• **COLLECTED DATA**
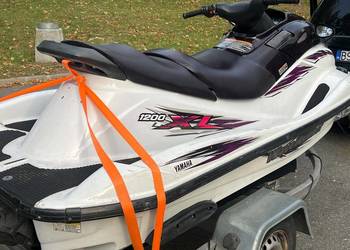 Duży skuter wodny Yamaha WaveRunner XL 1200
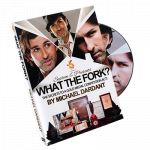 (image for) What The Fork by Michael Dardant - DVD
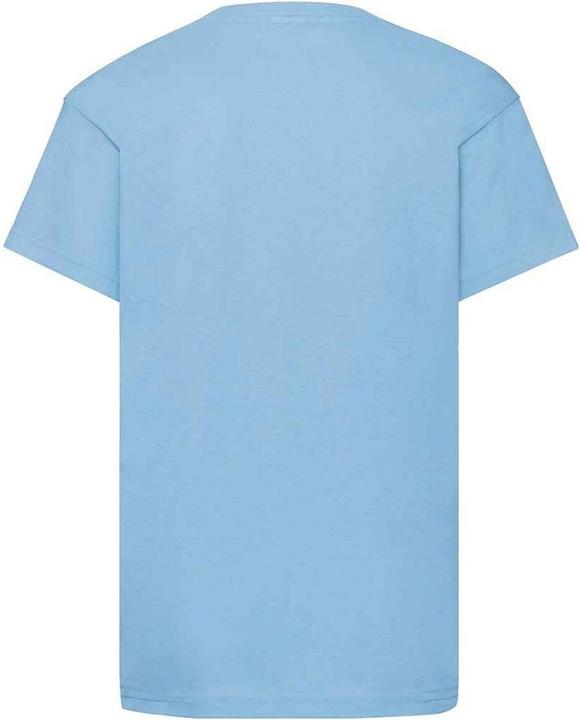 Immagine prodotto Fruit of the Loom Original Maglietta Bambini (128)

• **WORK TO COMPLETE**
Repeat the full listing above exactly, with no pictures in the copy.

• **REPLY**
 Duży skuter wodny Yamaha WaveRunner XL 1200
 (image for) What The Fork by Michael Dardant - DVD
 Immagine prodotto Fruit of the Loom Original Maglietta Bambini (128)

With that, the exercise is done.